State law can also affect who is responsible for unpaid debt. In community property states — including Arizona, California, Idaho, Louisiana, Nevada, New Mexico, Texas, Washington and Wisconsin (with Alaska allowing couples to opt into a community property system) — certain debts incurred during the marriage may be considered jointly owned, even if only one spouse opened the account.

That doesn’t automatically mean every surviving spouse will be required to repay every balance, though. The specific facts matter, including when the debt was incurred, how the account was used and applicable state law. Still, community property rules can increase the likelihood that a surviving spouse could be responsible for qualifying debts.

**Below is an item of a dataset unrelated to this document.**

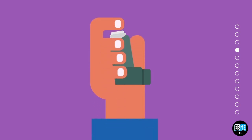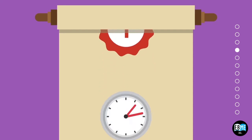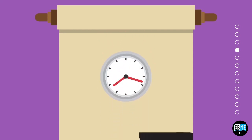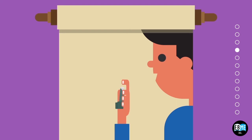Hold your MDI with your index finger on the top of the canister and your thumb under the canister holder, called the boot. If you are using the MDI for the first time or you haven't used it within 48 hours, prime your medicine. You can do this by turning the mouthpiece away from you and spraying once or as many times as recommended, found in your medication instruction insert.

Co-signed or otherwise guaranteed debt

While it’s uncommon with traditional credit cards, some lending arrangements do involve a co-signer or guarantor. If you legally agreed to repay the debt if the primary borrower couldn’t, that obligation generally survives the borrower’s death.

An insolvent estate

If the deceased spouse’s estate has sufficient assets, those assets are typically used to satisfy creditor claims before inheritances are distributed. If the estate is insolvent, though — meaning it doesn’t have enough assets to pay all outstanding debts — creditors may receive only partial payment or none at all. 

In most cases of insolvency, surviving family members aren’t personally responsible for covering the shortfall unless they have an independent legal obligation, such as being a joint account holder or living in circumstances where state law creates liability. That distinction is important because surviving spouses sometimes receive collection calls requesting payment even when they aren’t legally required to pay.

What should you do if you’re left with significant credit card debt?

If you do become responsible for credit card debt after a spouse’s death, don’t assume your only option is to continue making the minimum payments indefinitely. Depending on your financial situation, there may be strategies that make repayment more manageable.

If the revolving balances are still affordable, creating a repayment plan focused on paying down the highest-rate cards first can reduce the amount of interest you’ll pay over time. Balance transfer cards or debt consolidation may also help qualified borrowers dramatically lower their interest costs, though approval typically depends on income and creditworthiness.

For borrowers whose debt has become unmanageable, debt relief may also be worth considering. Debt settlement programs, for example, work with creditors to negotiate settlements on eligible unsecured debts for less than the full amount owed. While these programs aren’t appropriate for every situation and can affect your credit score, they may provide meaningful savings for borrowers facing significant financial hardship.

Whatever path you choose, though, acting sooner rather than later can be beneficial. Credit card interest will continue to accrue on unpaid balances, and waiting too long can make repayment substantially more expensive while increasing the risk of collection activity.

The bottom line

A surviving spouse doesn’t automatically inherit credit card debt simply because their partner dies. In many cases, unpaid balances are handled through the deceased person’s estate, and any remaining unpaid debt may simply go unpaid if the estate lacks sufficient assets. However, exceptions exist for joint account holders, certain community property states and other situations where a spouse has an independent legal responsibility for the debt.

Because the rules can vary based on state law and the type of account involved, though, surviving spouses shouldn’t assume they’re responsible — or that they aren’t. Taking time to understand the legal obligations, reviewing account documents and exploring repayment or debt relief options when necessary can help families make informed financial decisions during an already challenging time.